Value-added tax gains support
Published 3:21 pm Tuesday, October 19, 2010
Most of us are concerned about the ballooning national debt. If this problem is not addressed, we will not only pass on the burden of the debt to future generations but also encounter myriad financial challenges, both in this country and abroad.
An idea discussed for several years is beginning to receive serious consideration. This is the value-added tax (VAT), common throughout much of the industrialized world. About 150 nations have it.
The options for reducing the $13.5 trillion national debt are to reduce spending, increase taxes, or find additional sources of revenue.
It is difficult, if not impossible, to get Congress to reduce spending. And raising taxes is not appropriate in a recession.
About the only option left is a new revenue source. And this is where the VAT, a means of increasing revenue quickly, could come into play.
The VAT is a broad-based tax. It involves taxation of a product at every stage of production and distribution — when the raw material is sold, when the product is manufactured, when a store purchases it, and when the consumer buys it — with rates ranging from 5 percent in Japan to 25 percent in Sweden.
The VAT is simple to administer. At every stage, each firm deducts the taxes paid at the previous stage before it calculates its own VAT. The VAT is a highly efficient form of taxation because it is difficult to avoid since records are kept at each stage.

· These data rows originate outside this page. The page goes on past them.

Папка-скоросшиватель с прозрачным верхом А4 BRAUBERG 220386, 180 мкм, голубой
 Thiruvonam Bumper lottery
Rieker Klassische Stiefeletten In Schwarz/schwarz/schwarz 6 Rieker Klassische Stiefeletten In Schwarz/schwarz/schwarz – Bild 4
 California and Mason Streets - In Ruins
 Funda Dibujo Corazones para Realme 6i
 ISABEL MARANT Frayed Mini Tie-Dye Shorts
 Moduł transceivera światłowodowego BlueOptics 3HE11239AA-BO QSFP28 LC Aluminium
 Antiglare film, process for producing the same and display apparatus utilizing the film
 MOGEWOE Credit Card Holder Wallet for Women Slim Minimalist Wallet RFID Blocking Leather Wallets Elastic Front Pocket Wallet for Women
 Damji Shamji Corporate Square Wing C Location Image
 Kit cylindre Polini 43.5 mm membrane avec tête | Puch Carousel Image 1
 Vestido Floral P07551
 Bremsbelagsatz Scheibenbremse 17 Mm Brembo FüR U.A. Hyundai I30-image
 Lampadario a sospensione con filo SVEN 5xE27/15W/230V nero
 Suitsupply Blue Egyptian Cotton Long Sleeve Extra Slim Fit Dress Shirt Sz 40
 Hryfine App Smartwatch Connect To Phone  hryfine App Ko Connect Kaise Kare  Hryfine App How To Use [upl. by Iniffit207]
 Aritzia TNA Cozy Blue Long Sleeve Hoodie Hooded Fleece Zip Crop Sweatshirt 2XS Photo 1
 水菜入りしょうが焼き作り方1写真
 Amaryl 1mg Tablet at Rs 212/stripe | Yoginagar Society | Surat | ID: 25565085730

Unlike a sales tax, the VAT lacks visibility. It is hidden in the prices of products. But a 10 percent VAT still increases the costs of all products 10 percent. And it is easy to raise the rate, as Europeans have discovered.
The efficiency of the VAT in generating revenue quickly causes some people to oppose it. They label it a convenient excuse for increasing spending.
Nevertheless, we can expect a VAT proposal in the future.